Provided entries START

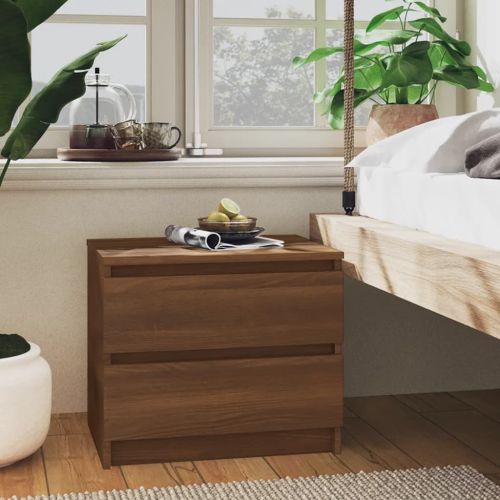 Нощни шкафчета 2 бр кафяв дъб 50x39x43,5 см инженерно дърво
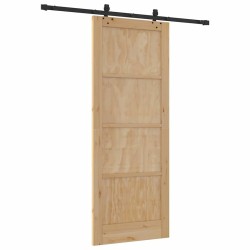 Porte Coulissante avec Quincaillerie 83x211 cm en Bois Massif de Pin 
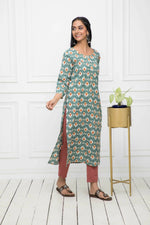 Thumbnail for Myshka Multi Floral Cotton Straight Round Neck Women Kurtas - Distacart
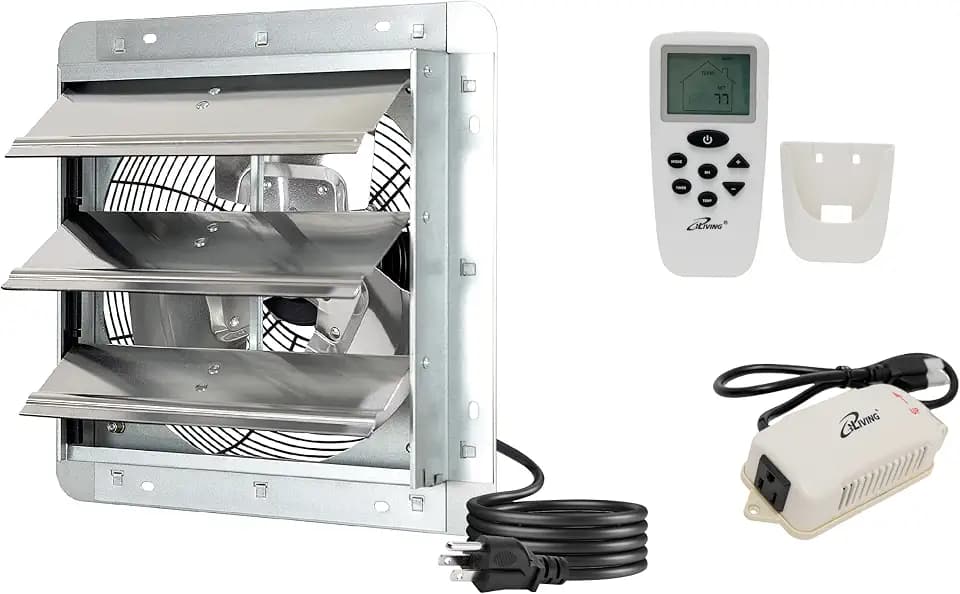 iLiving 12" Shutter Exhaust Fan with Wireless Smart Remote Controlled Thermostat and Humidity, Variable Speed Wall Mounted Attic Vent Fan, Chicken Coop Ventilation, 960 CFM, 1400 SQF Coverage Area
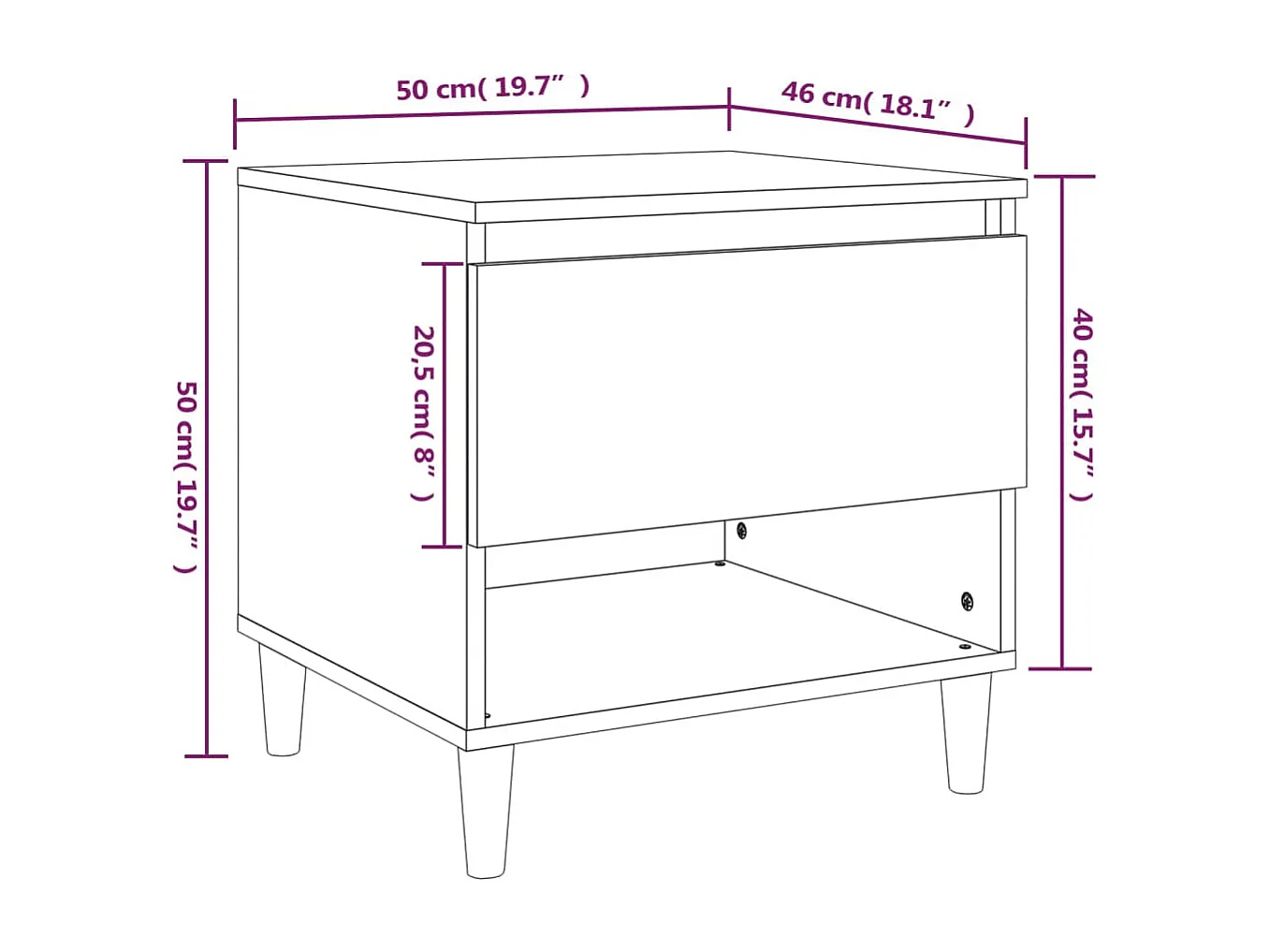 Nachttisch 2er Set-Beistelltisch-Nachttischkommode Grau Sonoma 50x46x50 cm Holzwerkstoff SHL65915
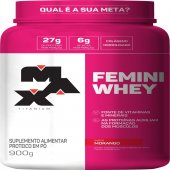 Suplemento Alimentar Proteico Femini Whey Max Titanium Morango 900g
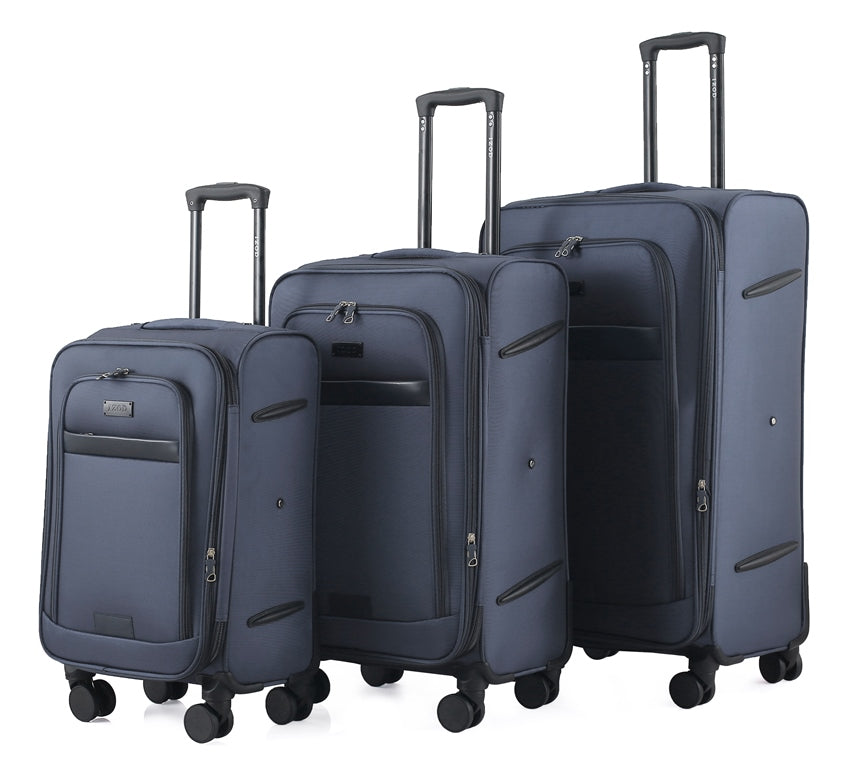 Noah Soft Shell Expandable 3 Piece Spinner Luggage Set with Lock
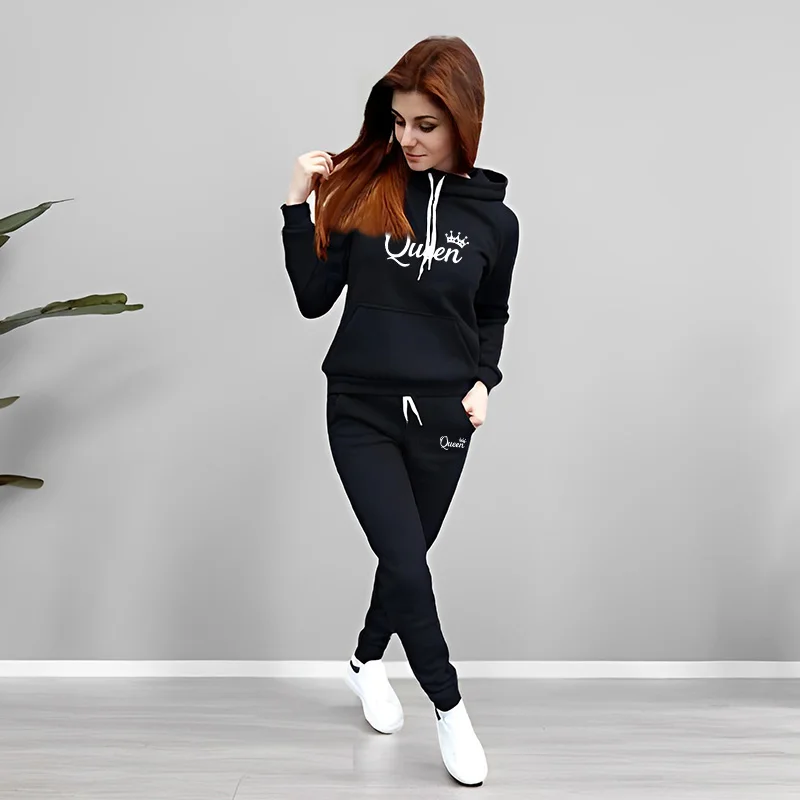 レディーストラックスーツ クイーンレタープリント フード付き - Women Fashion Outfits のレビューと価格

Provided entries END

**Task brief:** Only the lines from the one holding "Porte Coulissante avec" through the end of the data are to be printed, exactly as they stand and with no pictures.

**Task solution:**
 Porte Coulissante avec Quincaillerie 83x211 cm en Bois Massif de Pin 
 Thumbnail for Myshka Multi Floral Cotton Straight Round Neck Women Kurtas - Distacart
 iLiving 12" Shutter Exhaust Fan with Wireless Smart Remote Controlled Thermostat and Humidity, Variable Speed Wall Mounted Attic Vent Fan, Chicken Coop Ventilation, 960 CFM, 1400 SQF Coverage Area
 Nachttisch 2er Set-Beistelltisch-Nachttischkommode Grau Sonoma 50x46x50 cm Holzwerkstoff SHL65915
 Suplemento Alimentar Proteico Femini Whey Max Titanium Morango 900g
 Noah Soft Shell Expandable 3 Piece Spinner Luggage Set with Lock
 レディーストラックスーツ クイーンレタープリント フード付き - Women Fashion Outfits のレビューと価格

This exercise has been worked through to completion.